» EXERCISE GOAL:
Look below for the line that contains "a bag of towels" and the line that contains "1 Robin Drive", then restate both of them and every line in between, exactly. No picture goes in the copy.

(Short descriptive text snippets)

- - -

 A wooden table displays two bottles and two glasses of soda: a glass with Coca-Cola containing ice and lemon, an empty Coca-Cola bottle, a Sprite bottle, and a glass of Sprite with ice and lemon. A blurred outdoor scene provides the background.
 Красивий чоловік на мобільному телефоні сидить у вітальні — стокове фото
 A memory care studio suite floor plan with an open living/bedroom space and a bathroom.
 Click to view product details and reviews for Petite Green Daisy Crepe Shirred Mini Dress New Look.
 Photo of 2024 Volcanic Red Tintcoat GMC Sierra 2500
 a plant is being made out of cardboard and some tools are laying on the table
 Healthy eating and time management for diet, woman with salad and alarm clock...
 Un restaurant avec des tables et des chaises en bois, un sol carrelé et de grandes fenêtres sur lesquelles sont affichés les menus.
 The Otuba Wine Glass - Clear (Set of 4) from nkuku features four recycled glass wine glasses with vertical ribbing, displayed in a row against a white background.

- - -

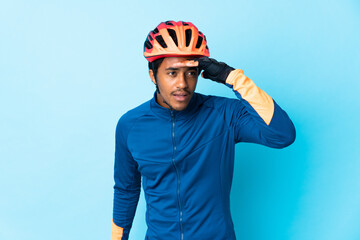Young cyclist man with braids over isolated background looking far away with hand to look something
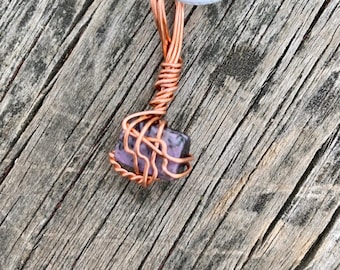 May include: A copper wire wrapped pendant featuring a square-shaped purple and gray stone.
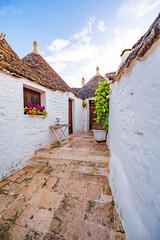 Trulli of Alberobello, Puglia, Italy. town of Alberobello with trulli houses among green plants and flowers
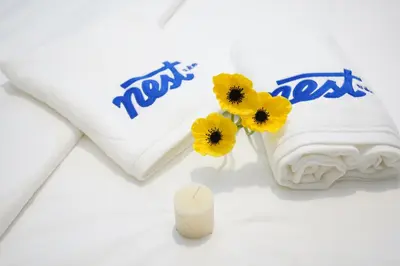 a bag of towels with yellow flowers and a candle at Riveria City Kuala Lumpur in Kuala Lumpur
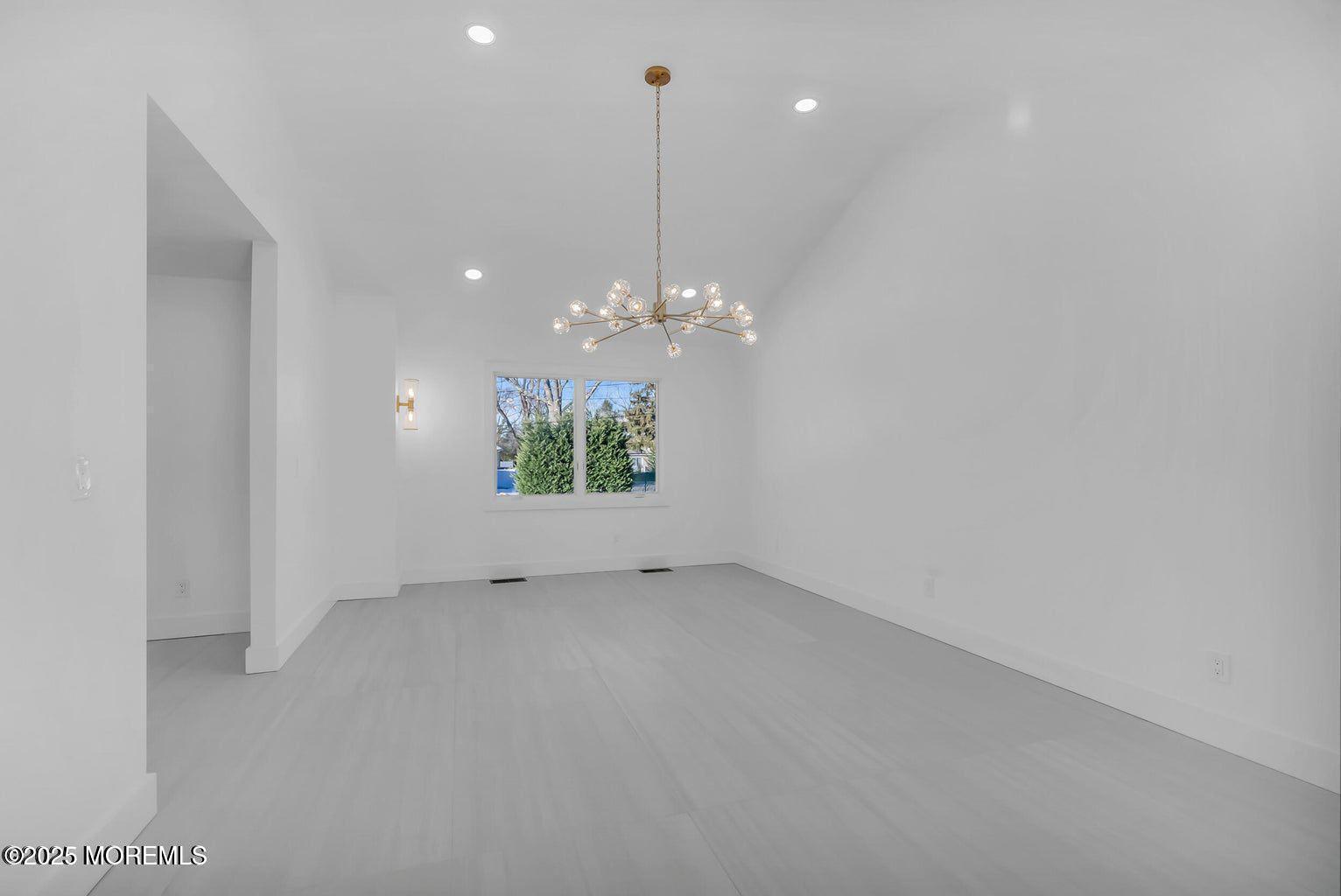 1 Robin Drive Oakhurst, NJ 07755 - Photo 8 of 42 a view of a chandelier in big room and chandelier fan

- - -

» ANSWER TO THE EXERCISE:
 a bag of towels with yellow flowers and a candle at Riveria City Kuala Lumpur in Kuala Lumpur
 1 Robin Drive Oakhurst, NJ 07755 - Photo 8 of 42 a view of a chandelier in big room and chandelier fan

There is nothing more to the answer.